A huge give thanks you lot to Amanda, Brad, and Laurence for giving united states their time and chatting with united states of america about Stargate. If y'all want to check out the Stargate AI ii.0 screen read, it's going live over at The Companion on May 21st at 11am PDT, 2pm EDT, 7pm BST. You can either tune in for the initial event, or picket the whole readthrough at a later date.

You'll need to be subscribed to The Companion, just luckily they're running a promotion at the moment that gives you a three-month free trial.
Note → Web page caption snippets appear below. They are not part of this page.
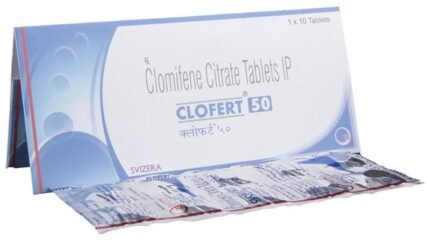 Clofert 50 - View 1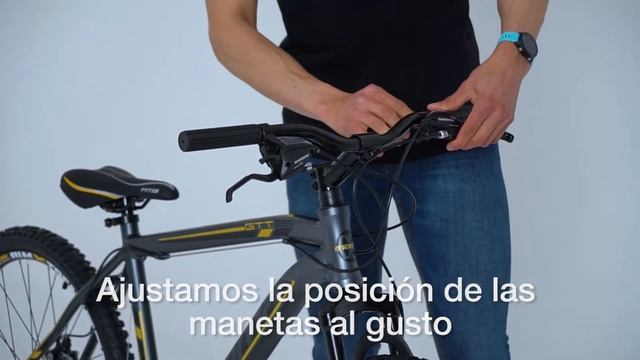 Unboxing GTT 5.0 [ESP] | MOMABIKES смотреть онлайн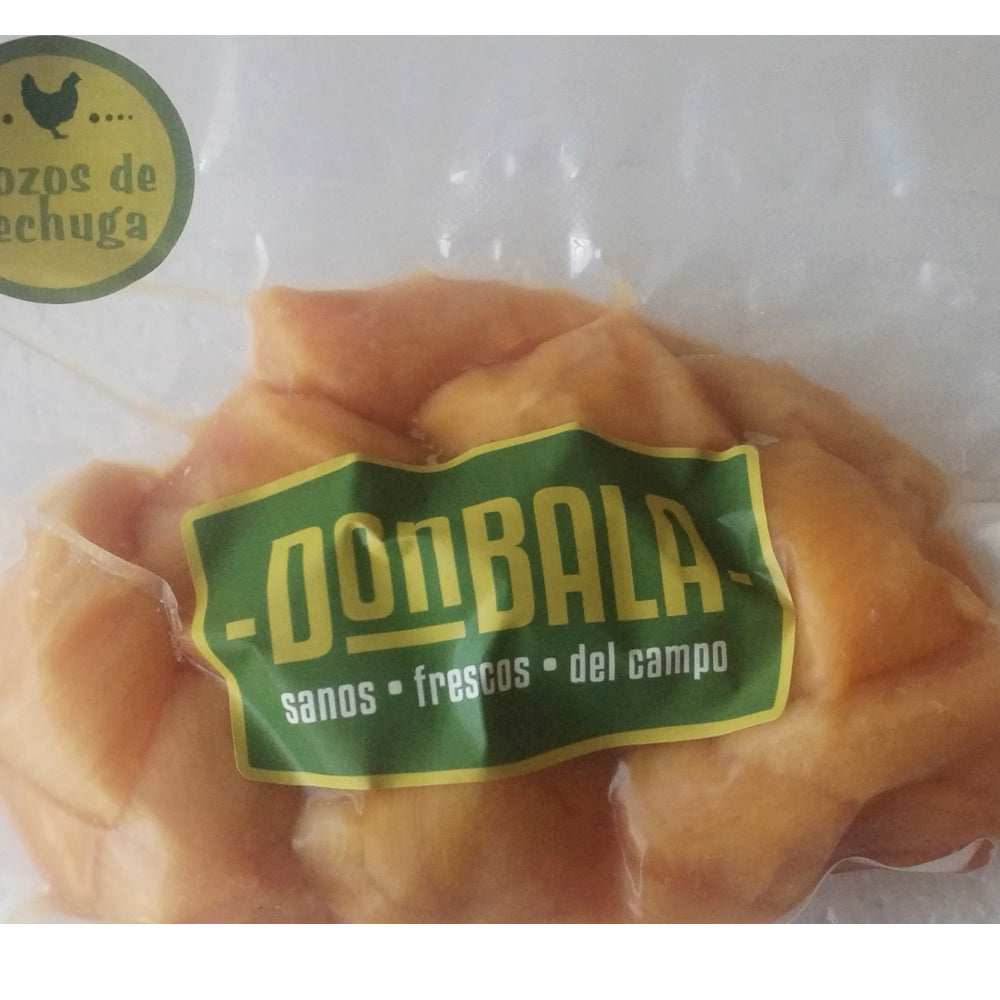 Filetes de pechugas de pollos 0,52kg - Don Bala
Nosotros'll definitely be tuning in, so we hope to see you over there.

Join our Space Forums to proceed talking space on the latest missions, night sky and more! And if you have a news tip, correction or comment, permit us know at: community@space.com.

Ian is the Tech and Entertainment Editor at Infinite.com and Live Science. This means he covers everything from Star Wars and the MCU through to VR headsets and Lego sets. With a degree in biology, a PhD in chemistry, and his previous role at Institute of Physics Publishing, Ian is taking a world bout through the different scientific disciplines. He's seeing how long they permit him continue this profile photo.